I’m still trying to answer the question of why I care about the chorus, which was asked of me by a 13 WAYS/TDIA audience member in Los Angeles. To this end, I’ve been trying to answer a larger question, of why I care about the many aesthetic sub-groups of things that I like. What connects our interests? What is the spider’s saliva on the web of belief, of practice, of obsession?
Yesterday. I meet with an actress. I ask her to graph herself, not in so many words, or maybe in many more. She does. She does so in relation to style, and picks these axes: mime, puppetry, physical theatre, children’s theatre, spectacle, awe-ful moments that make you lose your breath. What connects them, for her, is a sense of openness. Accessibility. She is interested in the branches of our profession that welcome rather than exclude.
The exercise makes me think about my own list: rhyme, the chorus, and so on. But I think what connects all of them for me is the sense of pattern. Connection through repetition. There was a moment when we were working on the verse structure for a chorus in 13Ways/TDIA and worked a mathematical pattern, one based on an additive triangle, into the poetry of it. I have rarely been happier.
One of the poem-things I picked up last evening at the Printer’s Ball was called “Verses Without Choruses” (collected within SAY IT WITH SILENCE, by Zebulun, published by Seven Ten Bishop) – which is all poetry since the Greeks, I suppose – but an interesting exercise, isolated sad verses, four lines on a page. So very individual. The verse, like the cheese in the nursery rhyme, stands alone. The chorus stands together.
Here is one of Zebulun‘s isolate verses::
McQ
How come everyone knows how
we
feel about each other except for
us
I love his work, but the solitary sadness in its form is exactly why I want to write choruses without verses. For the sake of the pattern.
It represents a pattern which our lives do not have, but which we seek. Hope for that pattern is what makes it beautiful, and also what makes it dangerous. My parents were watching the Olympic opening ceremonies, and they thought of choruses, but they also thought of the Nazi rallies. This is not the first time this comparison has been made to me. Chorus-mob.
Before I worked on 13/TDIA I think I would have been more sickened by that thought, and considered that perhaps, aesthetically, I yearn for totalitarianism on some level. But in the hands of the Greek playwrights the Chorus is the voice of something more than that. It is a voice of reason, of dissent, of logic – also of emotion and passion. It is not merely the tool of the political leaders. It is, of course, as fragmented, momentary, and complex as people are. It’s a group.
It is, I suppose, also my father’s field of study. “Sociology – the study of how people act in groups” – I’ve been rattling that off to friends since I could rattle.
People are all part of temporary, transient groups, formed from connection or for convenience. The chorus of Democrats or Republicans, for example. The chorus of the citizens of Athens. The chorus of women. The chorus of bloggers, if you like. And yet, we are all alone. We are born alone, we live (mostly) alone, and none of us dies with anyone else, either. We spend a lot of time trying to deny that fact, because the less alone we can be, the happier we are.

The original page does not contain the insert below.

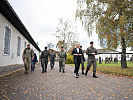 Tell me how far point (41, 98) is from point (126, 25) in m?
10.3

The chorus, like friendship, marriage, family, and other such forms of art, lets us believe that we are not alone. I think that loneliness is more terrible to me than death. I am less concerned with art making us immortal than I am with art bringing us together. The chorus is the formal representation of the idea that, simply, we are not alone.
Closer? My new thesis of the moment: the chorus is important to me because it means that we are not alone, and that there is a pattern to our lives. Neither of these things is true, but both are beautiful – and the more we believe and practice them, the more true they become. I think that I am also reacting against a pendulum swing in artistic taste towards things like three-character plays, one-person shows, and the theatrical celebration of the individual as opposed to the group.
Entropy is a fact. Chaos is a fact. Order is a lost cause. But we still find meaning and beauty when we learn that the structure of some biological or chemical thing has symmetry to it, or follows a mathematical sequence. It is the same meaning and beauty that we find in the chorus.
Oedipus’s sadness is from being alone. So is Medea’s. “Alone and without a city.” There is nothing more terrible. More, if you will, anti-social. Anti-society.